Gabriel se quitó las gafas y se frotó los ojos.
—No tardaré, te lo prometo. Sólo tengo que acabar unas cosas que no pueden esperar.
Julia se puso de puntillas para darle un beso en la mejilla antes de irse.
—Espera. Te acompañaré.
Y, dándole la mano, fue con ella hasta el dormitorio.
La gran cama medieval había desaparecido, igual que los muebles oscuros y la ropa de cama de color azul hielo. Gabriel había contratado a un diseñador de interiores para que reprodujera el dormitorio de la casa de Umbría. Ahora las paredes estaban pintadas de color crema y de la cama con dosel colgaban unas cortinas de gasa.

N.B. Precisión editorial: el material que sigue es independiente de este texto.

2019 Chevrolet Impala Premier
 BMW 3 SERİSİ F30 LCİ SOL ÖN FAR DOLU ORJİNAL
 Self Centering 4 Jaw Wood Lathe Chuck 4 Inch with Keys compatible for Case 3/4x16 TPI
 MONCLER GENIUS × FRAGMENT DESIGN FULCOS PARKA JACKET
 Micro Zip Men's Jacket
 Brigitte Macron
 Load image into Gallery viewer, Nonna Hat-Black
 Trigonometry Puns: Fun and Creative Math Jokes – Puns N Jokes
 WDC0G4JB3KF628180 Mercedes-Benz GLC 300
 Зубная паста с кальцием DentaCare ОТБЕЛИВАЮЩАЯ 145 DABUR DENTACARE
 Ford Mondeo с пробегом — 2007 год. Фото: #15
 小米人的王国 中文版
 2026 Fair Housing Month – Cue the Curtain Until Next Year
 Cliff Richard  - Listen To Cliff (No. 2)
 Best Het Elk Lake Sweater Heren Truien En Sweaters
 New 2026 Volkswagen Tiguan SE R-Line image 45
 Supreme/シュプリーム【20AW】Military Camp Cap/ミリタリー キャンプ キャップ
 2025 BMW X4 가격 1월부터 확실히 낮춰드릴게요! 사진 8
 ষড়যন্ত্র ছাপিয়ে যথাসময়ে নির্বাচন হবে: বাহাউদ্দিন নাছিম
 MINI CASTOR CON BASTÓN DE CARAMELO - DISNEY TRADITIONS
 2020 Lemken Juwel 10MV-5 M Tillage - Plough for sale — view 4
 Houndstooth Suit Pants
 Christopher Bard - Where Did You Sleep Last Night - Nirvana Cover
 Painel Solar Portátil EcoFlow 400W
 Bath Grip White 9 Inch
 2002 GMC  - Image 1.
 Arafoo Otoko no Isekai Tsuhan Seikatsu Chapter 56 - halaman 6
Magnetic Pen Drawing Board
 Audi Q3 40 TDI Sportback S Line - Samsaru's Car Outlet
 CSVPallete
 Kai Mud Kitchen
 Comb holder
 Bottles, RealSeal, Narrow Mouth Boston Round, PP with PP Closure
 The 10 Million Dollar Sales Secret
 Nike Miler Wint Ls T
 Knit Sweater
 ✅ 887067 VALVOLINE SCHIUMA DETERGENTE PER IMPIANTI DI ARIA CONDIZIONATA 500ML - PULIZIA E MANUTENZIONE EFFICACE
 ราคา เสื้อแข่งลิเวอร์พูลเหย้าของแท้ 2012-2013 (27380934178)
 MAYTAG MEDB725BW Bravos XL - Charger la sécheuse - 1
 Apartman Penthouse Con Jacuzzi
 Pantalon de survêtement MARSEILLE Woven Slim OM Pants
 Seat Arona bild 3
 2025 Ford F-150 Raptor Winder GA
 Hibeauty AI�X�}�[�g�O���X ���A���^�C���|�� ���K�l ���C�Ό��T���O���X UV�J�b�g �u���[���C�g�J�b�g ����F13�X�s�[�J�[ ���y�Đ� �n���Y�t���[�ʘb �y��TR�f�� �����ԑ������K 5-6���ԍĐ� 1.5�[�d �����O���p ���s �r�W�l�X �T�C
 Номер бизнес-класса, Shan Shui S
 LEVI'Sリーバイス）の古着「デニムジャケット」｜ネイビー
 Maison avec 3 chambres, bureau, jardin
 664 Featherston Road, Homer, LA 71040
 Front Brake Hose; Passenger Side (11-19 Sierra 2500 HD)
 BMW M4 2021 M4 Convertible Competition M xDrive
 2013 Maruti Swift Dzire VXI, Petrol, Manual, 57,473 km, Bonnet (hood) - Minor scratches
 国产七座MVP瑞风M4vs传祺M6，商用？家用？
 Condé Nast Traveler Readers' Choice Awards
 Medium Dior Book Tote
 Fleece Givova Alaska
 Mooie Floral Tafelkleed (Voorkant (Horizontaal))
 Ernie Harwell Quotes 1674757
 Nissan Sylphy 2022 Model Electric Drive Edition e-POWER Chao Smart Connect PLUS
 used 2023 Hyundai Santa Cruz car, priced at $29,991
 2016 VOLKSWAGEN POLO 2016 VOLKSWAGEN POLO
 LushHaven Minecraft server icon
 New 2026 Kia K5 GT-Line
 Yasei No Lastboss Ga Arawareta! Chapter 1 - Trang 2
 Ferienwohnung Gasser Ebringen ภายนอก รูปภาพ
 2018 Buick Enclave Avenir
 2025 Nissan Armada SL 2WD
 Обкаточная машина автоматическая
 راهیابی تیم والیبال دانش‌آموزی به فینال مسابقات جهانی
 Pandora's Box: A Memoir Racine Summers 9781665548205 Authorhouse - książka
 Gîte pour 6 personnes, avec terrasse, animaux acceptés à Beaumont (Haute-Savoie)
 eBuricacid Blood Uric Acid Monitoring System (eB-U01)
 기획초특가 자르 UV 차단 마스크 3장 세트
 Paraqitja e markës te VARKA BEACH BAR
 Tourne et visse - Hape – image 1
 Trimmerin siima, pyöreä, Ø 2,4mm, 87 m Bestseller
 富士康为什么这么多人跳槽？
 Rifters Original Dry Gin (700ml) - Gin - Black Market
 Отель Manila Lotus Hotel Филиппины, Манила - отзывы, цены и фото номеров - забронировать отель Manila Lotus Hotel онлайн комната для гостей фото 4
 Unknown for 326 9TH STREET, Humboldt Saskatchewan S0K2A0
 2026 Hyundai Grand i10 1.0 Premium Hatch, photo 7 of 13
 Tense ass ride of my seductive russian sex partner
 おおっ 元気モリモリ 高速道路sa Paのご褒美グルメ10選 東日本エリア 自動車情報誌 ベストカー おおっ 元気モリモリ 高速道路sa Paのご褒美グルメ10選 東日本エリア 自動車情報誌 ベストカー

A Julia le habían encantado los cambios y, sobre todo, la intención que había detrás. Aquélla ya no era sólo la habitación de Gabriel. Era la habitación de los dos.
—Felices sueños —le deseó él, dándole un casto beso, como un padre besando a su hija, antes de marcharse y cerrar la puerta.
Julia permaneció un rato despierta, preguntándose qué le estaría ocultando. No sabía qué sería mejor, si tratar de averiguarlo o confiar ciegamente en él. Finalmente, incapaz de decidirse, cayó en un sueño intranquilo.